▶ [Try it]: From the data that follows, set down exactly the lines from the one with "Hello everyone, I'm" through the one with "Continue adding questions", counting both. Pictures stay out.
******
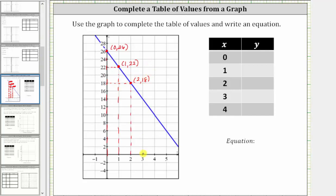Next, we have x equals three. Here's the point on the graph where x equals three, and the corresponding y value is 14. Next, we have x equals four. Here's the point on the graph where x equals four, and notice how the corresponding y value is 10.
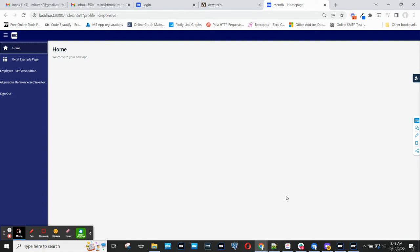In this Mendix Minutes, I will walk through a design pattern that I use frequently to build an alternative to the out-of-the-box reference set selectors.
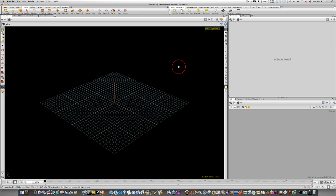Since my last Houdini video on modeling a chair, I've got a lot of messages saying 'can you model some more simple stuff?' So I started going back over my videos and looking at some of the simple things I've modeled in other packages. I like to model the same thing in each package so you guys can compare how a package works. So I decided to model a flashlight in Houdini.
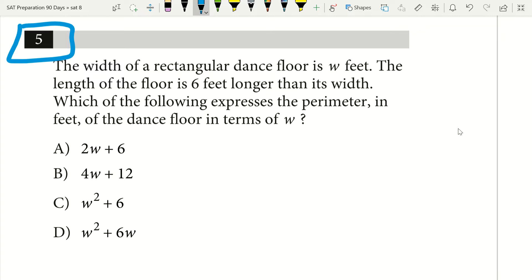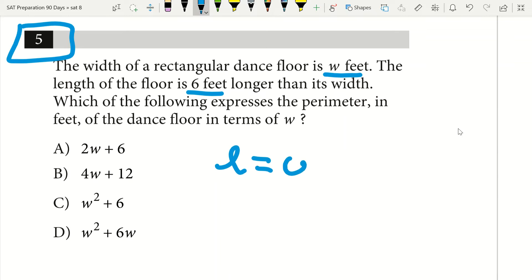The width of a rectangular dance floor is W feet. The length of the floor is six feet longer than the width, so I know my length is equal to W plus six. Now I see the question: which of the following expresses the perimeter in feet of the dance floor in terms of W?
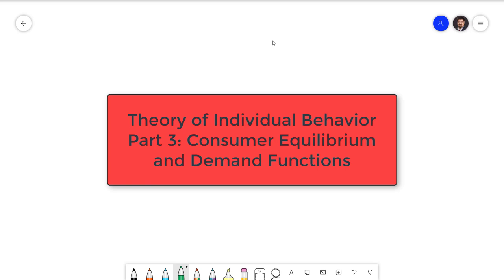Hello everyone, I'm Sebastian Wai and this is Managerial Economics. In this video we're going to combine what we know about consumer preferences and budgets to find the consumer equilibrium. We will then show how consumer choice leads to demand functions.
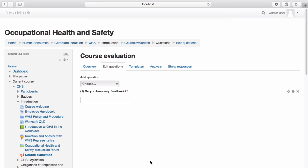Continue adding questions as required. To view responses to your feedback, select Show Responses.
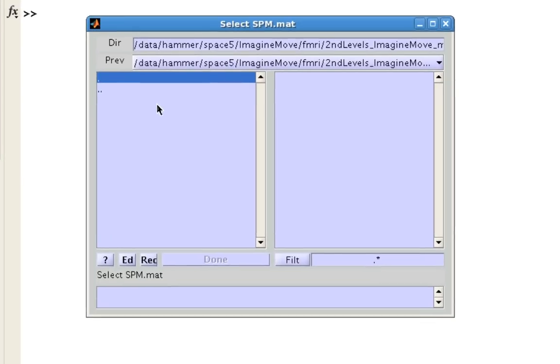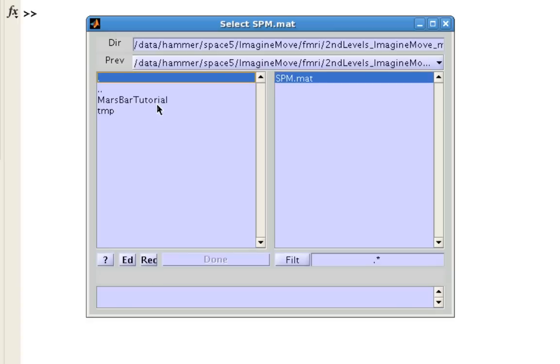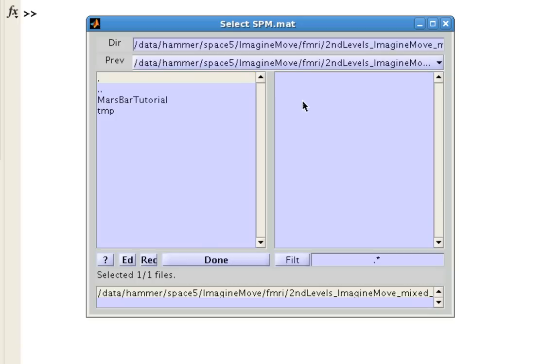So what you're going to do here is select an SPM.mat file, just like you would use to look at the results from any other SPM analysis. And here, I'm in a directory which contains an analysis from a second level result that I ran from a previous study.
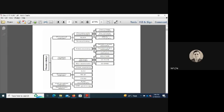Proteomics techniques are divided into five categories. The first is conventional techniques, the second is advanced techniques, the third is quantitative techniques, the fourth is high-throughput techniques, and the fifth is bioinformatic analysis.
******
▶ [Reply]:
Hello everyone, I'm Sebastian Wai and this is Managerial Economics. In this video we're going to combine what we know about consumer preferences and budgets to find the consumer equilibrium. We will then show how consumer choice leads to demand functions.
Continue adding questions as required. To view responses to your feedback, select Show Responses.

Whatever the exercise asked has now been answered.